Fixes to run on CPU and MPS #36

WojtekKowaluk · 2023-04-06T15:21:42Z

Some changes required to run it on CPU and other devices.

trolley813 · 2023-04-07T07:25:55Z

kandinsky2/kandinsky2_1_model.py

@@ -30,6 +30,8 @@ def __init__(
    ):
        self.config = config
        self.device = device
+        if not torch.has_cuda:


However, this does not work upon attempting to run on CPU when having CUDA-enabled version of PyTorch installed (an example use-case: I have a CUDA device, but I want to generate a higher-resolution image, and I don't have enough VRAM to do that on the GPU). Maybe we should check device directly (at least this workaround works for me)?

Suggested change

if not torch.has_cuda:

if device == "cpu":

Good point, but maybe device!="cuda" then, because same is needed for "mps" device (Apple Silicon), I don't know about others.
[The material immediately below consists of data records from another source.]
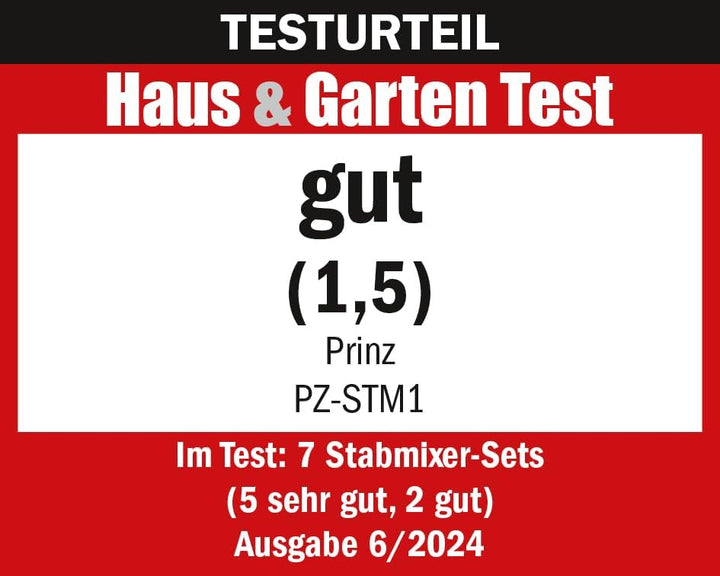 Prinz Stabmixer-Set PZ-STM1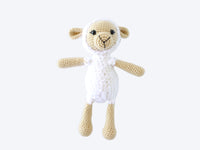 Lily the Lamb Plushie - Crochet Pattern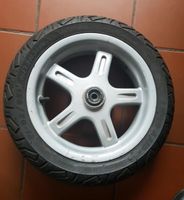 Vorderrad Felge mit Reifen 12" Piaggio Roller 125 GTX Schleswig-Holstein - Lägerdorf Vorschau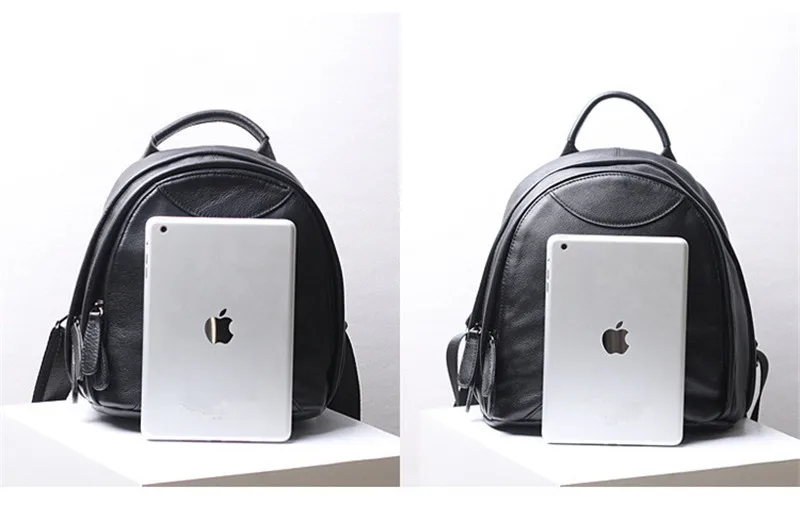 mochila de couro das senhoras de couro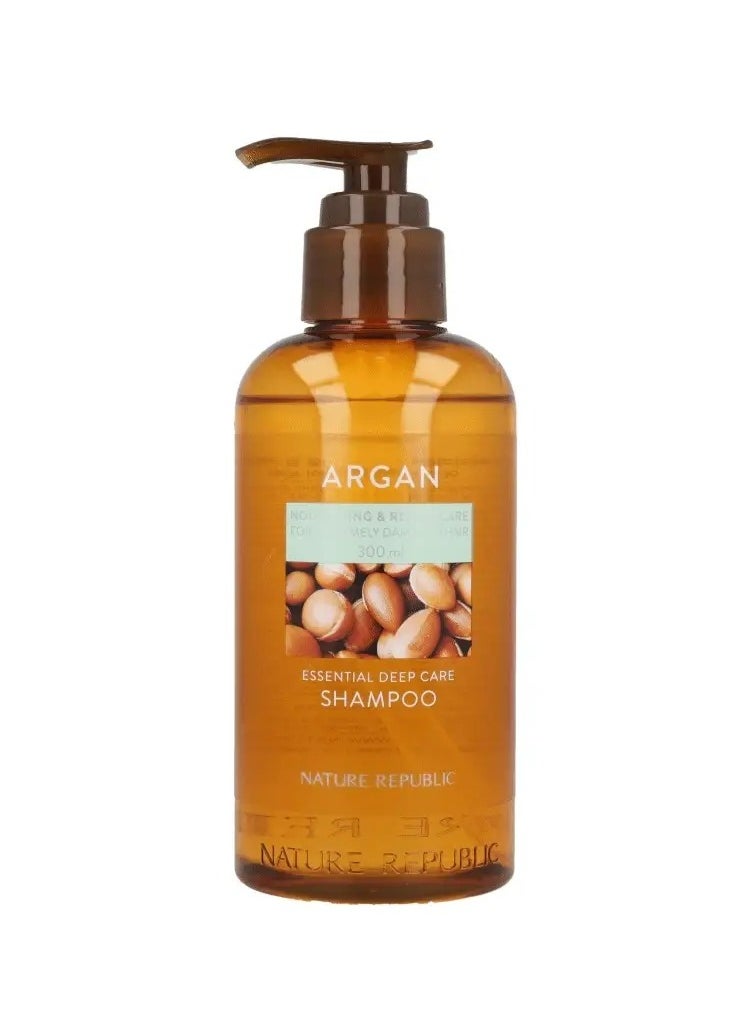 NATURE REPORT - Nature Republic Argan Shampoo 300 ml - Image 1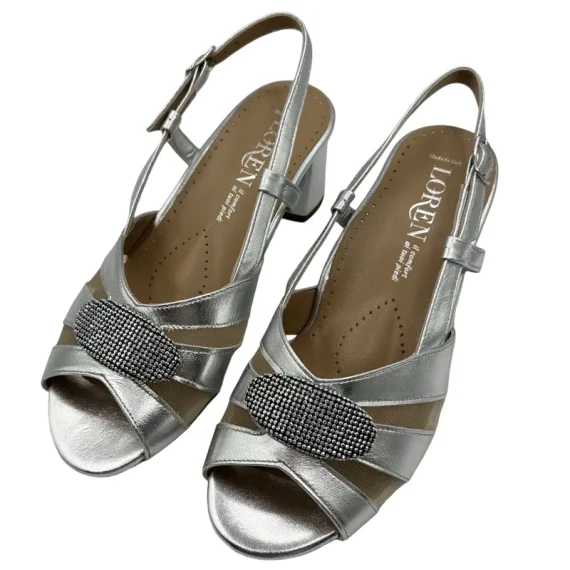 Sandali Donna Eleganti Loren 80402 Ortopedia Parato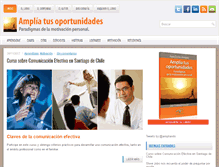 Tablet Screenshot of ampliatusoportunidades.com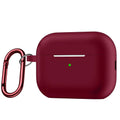Burgundy Silicone Case - AirPods Pro 2 (2nd Generation) by Zerodamage Sahara Case LLC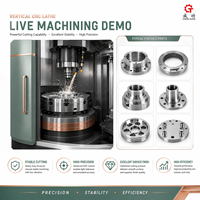 Torno CNC de Alta Precisión para Torneado de Metal, Controlado por CNC, con Transportador de Virutas y Sistema de Refrigeración, Torno CNC Vertical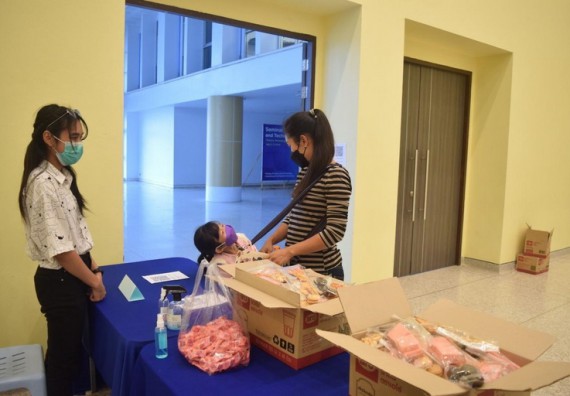 ภาพกิจกรรม  โปรแกรมวิชาเคมี จัดกิจกรรมบายเนียร์โปรแกรมวิชาเคมี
clarklight · 2023-04-17T11:57:35Z

I tried the above but i am having this error: RuntimeError: Expected one of cpu, cuda, ipu, xpu, mkldnn, opengl, opencl, ideep, hip, ve, fpga, ort, xla, lazy, vulkan, mps, meta, hpu, mtia, privateuseone device type at start of device string: CUDA

trolley813 · 2023-04-17T17:56:35Z

I tried the above but i am having this error: RuntimeError: Expected one of cpu, cuda, ipu, xpu, mkldnn, opengl, opencl, ideep, hip, ve, fpga, ort, xla, lazy, vulkan, mps, meta, hpu, mtia, privateuseone device type at start of device string: CUDA

As far as I understand (from the error message), you wrote CUDA in uppercase in your code, while PyTorch expect lowercase naming.

clarklight · 2023-04-18T03:28:25Z

I tried the above but i am having this error: RuntimeError: Expected one of cpu, cuda, ipu, xpu, mkldnn, opengl, opencl, ideep, hip, ve, fpga, ort, xla, lazy, vulkan, mps, meta, hpu, mtia, privateuseone device type at start of device string: CUDA

As far as I understand (from the error message), you wrote CUDA in uppercase in your code, while PyTorch expect lowercase naming.
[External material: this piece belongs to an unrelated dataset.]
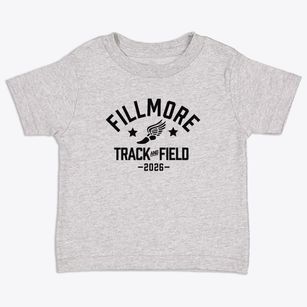 Fillmore Elementary School Track and Field Toddler T-Shirt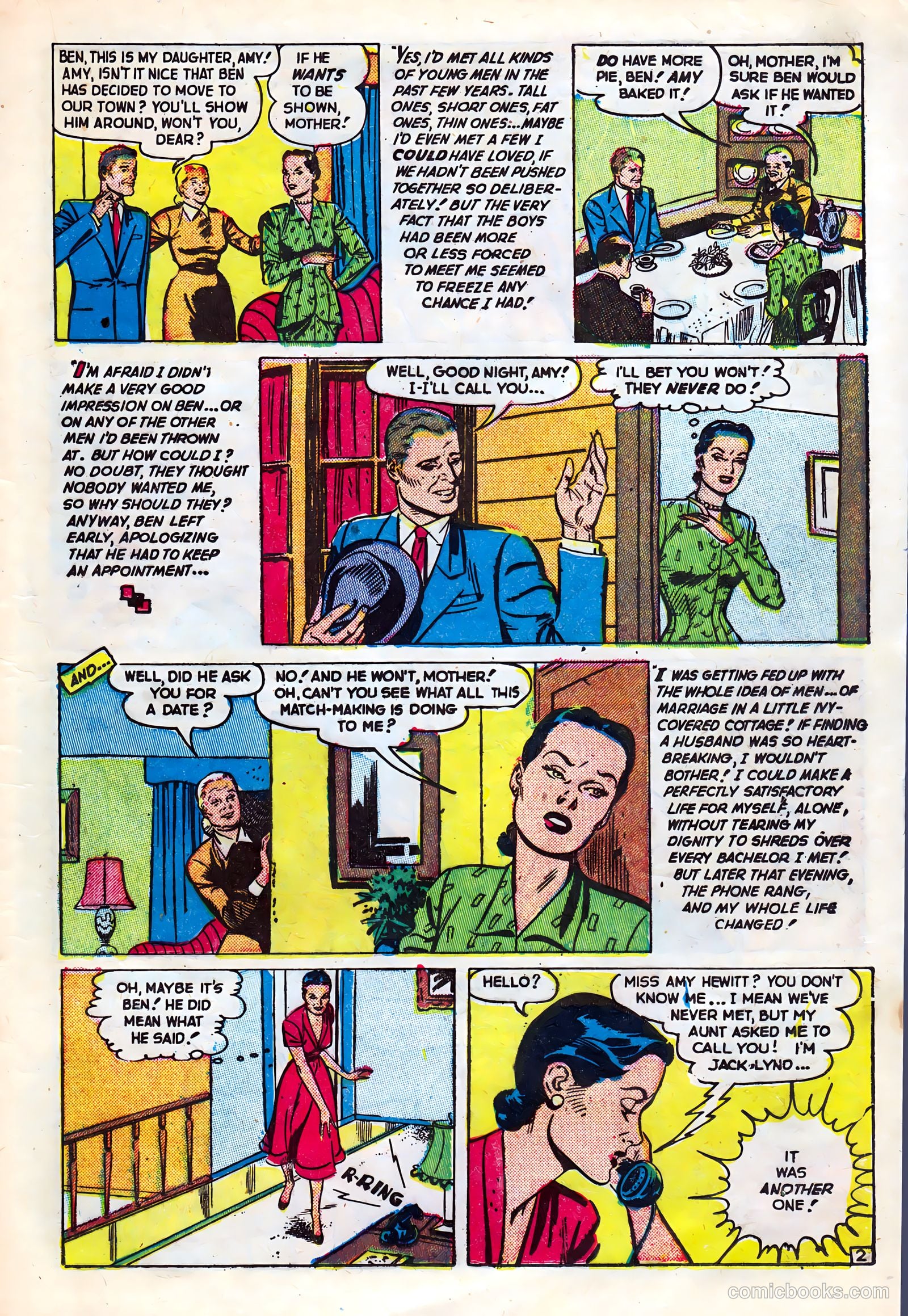 Intimate Love #16 (1952) — page 18 of 37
Thank you, i managed to get it to work, yer, was trying to push it onto run on CPU, and in the end, the time it takes on the M1 Mac is too crazy, around 40 mins to process. I read on the other thread that it error out due to low gRam on 1070Ti, i ran it on my other window's laptop it also error out due to low gRam. Just dropping down the notes for anyone else that read this thread.
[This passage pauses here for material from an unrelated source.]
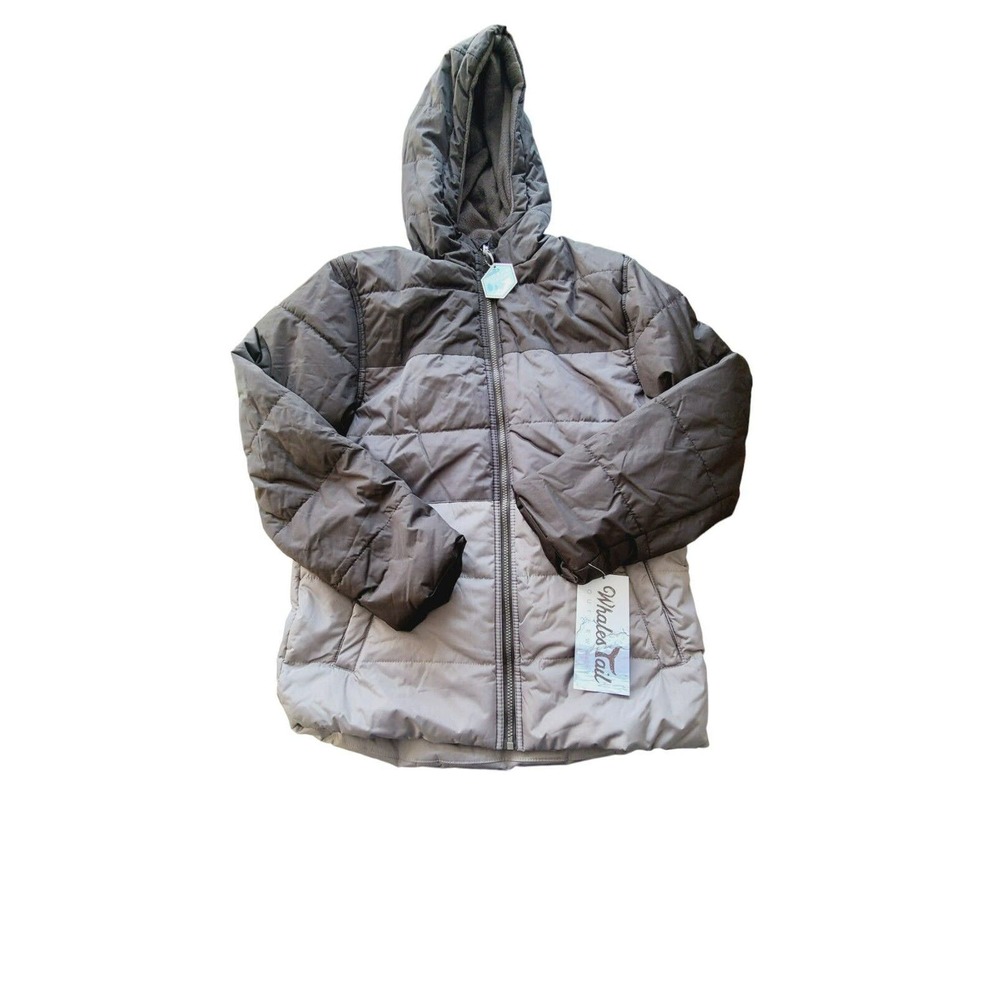 Whales‎ Tail Outerwear Winter Jacket Size 14/16 - Black / Gray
CoruNethron · 2023-04-21T19:51:57Z

@WojtekKowaluk , thank you for this fix

@clarklight , I've tested on M1 SoC 16GB as well and it achieves 8-10 seconds per iteration in my case, but you can try to use an mps device to enable GPU acceleration on that SoC. I've got improve up to 3 seconds per iteration - three times faster with mps

clarklight · 2023-04-22T02:44:43Z

@CoruNethron

To run this on the Mac, i have to use CPU right, because there is no Cuda on the GPU? I just tested it again running on the CPU, i just tried it again still 120 second per it.
Here is the test code, i changed it to run with the CPU. Am i doing anything incorrectly?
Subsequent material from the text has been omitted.